Exercise aim: Transcribe exactly, and only, the lines from the one containing "Chaise noire pour" through the last line of the data.
-- Opening Marker --
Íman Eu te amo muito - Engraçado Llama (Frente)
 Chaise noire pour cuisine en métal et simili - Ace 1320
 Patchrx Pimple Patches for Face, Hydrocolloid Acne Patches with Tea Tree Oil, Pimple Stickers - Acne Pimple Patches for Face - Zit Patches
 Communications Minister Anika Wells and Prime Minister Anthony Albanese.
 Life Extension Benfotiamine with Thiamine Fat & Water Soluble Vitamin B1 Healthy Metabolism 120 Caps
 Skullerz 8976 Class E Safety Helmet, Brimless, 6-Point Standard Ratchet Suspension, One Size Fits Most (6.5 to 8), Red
-- Closing Marker --
Exercise result:
 Chaise noire pour cuisine en métal et simili - Ace 1320
 Patchrx Pimple Patches for Face, Hydrocolloid Acne Patches with Tea Tree Oil, Pimple Stickers - Acne Pimple Patches for Face - Zit Patches
 Communications Minister Anika Wells and Prime Minister Anthony Albanese.
 Life Extension Benfotiamine with Thiamine Fat & Water Soluble Vitamin B1 Healthy Metabolism 120 Caps
 Skullerz 8976 Class E Safety Helmet, Brimless, 6-Point Standard Ratchet Suspension, One Size Fits Most (6.5 to 8), Red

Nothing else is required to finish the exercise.